» Try it:
Nothing but the lines from the one containing "Plan de Clase (GENRY)" through the final line of the data should be repeated, and each must be exact.

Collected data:

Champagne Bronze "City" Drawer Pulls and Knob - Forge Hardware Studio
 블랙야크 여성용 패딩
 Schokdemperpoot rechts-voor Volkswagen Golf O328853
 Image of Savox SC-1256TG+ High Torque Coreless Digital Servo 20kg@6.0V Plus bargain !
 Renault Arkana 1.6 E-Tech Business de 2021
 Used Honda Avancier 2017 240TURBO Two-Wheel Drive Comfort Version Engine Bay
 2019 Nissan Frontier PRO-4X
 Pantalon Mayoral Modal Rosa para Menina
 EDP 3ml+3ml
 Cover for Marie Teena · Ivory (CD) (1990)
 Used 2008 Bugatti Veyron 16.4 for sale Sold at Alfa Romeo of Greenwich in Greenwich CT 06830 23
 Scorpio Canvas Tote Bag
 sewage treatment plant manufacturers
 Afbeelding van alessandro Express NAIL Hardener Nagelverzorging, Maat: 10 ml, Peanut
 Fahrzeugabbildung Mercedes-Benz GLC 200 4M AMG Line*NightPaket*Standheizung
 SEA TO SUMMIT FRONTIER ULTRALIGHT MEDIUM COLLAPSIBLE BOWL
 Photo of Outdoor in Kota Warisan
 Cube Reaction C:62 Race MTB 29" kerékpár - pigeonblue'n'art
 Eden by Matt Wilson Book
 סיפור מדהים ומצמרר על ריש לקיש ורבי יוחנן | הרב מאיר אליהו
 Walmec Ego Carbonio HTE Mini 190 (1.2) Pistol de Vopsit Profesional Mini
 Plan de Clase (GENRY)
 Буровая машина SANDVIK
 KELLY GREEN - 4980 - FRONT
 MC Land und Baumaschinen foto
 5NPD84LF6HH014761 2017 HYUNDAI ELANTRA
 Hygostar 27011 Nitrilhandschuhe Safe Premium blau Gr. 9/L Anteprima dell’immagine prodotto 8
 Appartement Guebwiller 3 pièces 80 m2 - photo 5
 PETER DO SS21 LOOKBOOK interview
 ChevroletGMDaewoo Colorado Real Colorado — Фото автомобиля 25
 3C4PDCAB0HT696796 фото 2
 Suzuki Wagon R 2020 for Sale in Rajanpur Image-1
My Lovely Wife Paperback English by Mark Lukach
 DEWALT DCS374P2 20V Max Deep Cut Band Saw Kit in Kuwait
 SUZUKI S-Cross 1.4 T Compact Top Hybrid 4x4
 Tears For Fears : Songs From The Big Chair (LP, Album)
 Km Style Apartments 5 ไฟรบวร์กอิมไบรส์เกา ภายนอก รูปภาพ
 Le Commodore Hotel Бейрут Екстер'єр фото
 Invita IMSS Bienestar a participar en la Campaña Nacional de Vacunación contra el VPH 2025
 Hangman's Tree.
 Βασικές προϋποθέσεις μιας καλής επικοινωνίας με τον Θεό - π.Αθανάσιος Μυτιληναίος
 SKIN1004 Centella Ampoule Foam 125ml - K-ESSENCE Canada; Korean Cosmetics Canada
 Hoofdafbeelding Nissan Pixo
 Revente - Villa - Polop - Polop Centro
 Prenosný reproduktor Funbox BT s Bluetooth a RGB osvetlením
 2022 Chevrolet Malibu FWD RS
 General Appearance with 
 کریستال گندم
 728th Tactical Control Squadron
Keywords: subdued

» Exercise output:
 Plan de Clase (GENRY)
 Буровая машина SANDVIK
 KELLY GREEN - 4980 - FRONT
 MC Land und Baumaschinen foto
 5NPD84LF6HH014761 2017 HYUNDAI ELANTRA
 Hygostar 27011 Nitrilhandschuhe Safe Premium blau Gr. 9/L Anteprima dell’immagine prodotto 8
 Appartement Guebwiller 3 pièces 80 m2 - photo 5
 PETER DO SS21 LOOKBOOK interview
 ChevroletGMDaewoo Colorado Real Colorado — Фото автомобиля 25
 3C4PDCAB0HT696796 фото 2
 Suzuki Wagon R 2020 for Sale in Rajanpur Image-1
My Lovely Wife Paperback English by Mark Lukach
 DEWALT DCS374P2 20V Max Deep Cut Band Saw Kit in Kuwait
 SUZUKI S-Cross 1.4 T Compact Top Hybrid 4x4
 Tears For Fears : Songs From The Big Chair (LP, Album)
 Km Style Apartments 5 ไฟรบวร์กอิมไบรส์เกา ภายนอก รูปภาพ
 Le Commodore Hotel Бейрут Екстер'єр фото
 Invita IMSS Bienestar a participar en la Campaña Nacional de Vacunación contra el VPH 2025
 Hangman's Tree.
 Βασικές προϋποθέσεις μιας καλής επικοινωνίας με τον Θεό - π.Αθανάσιος Μυτιληναίος
 SKIN1004 Centella Ampoule Foam 125ml - K-ESSENCE Canada; Korean Cosmetics Canada
 Hoofdafbeelding Nissan Pixo
 Revente - Villa - Polop - Polop Centro
 Prenosný reproduktor Funbox BT s Bluetooth a RGB osvetlením
 2022 Chevrolet Malibu FWD RS
 General Appearance with 
 کریستال گندم
 728th Tactical Control Squadron
Keywords: subdued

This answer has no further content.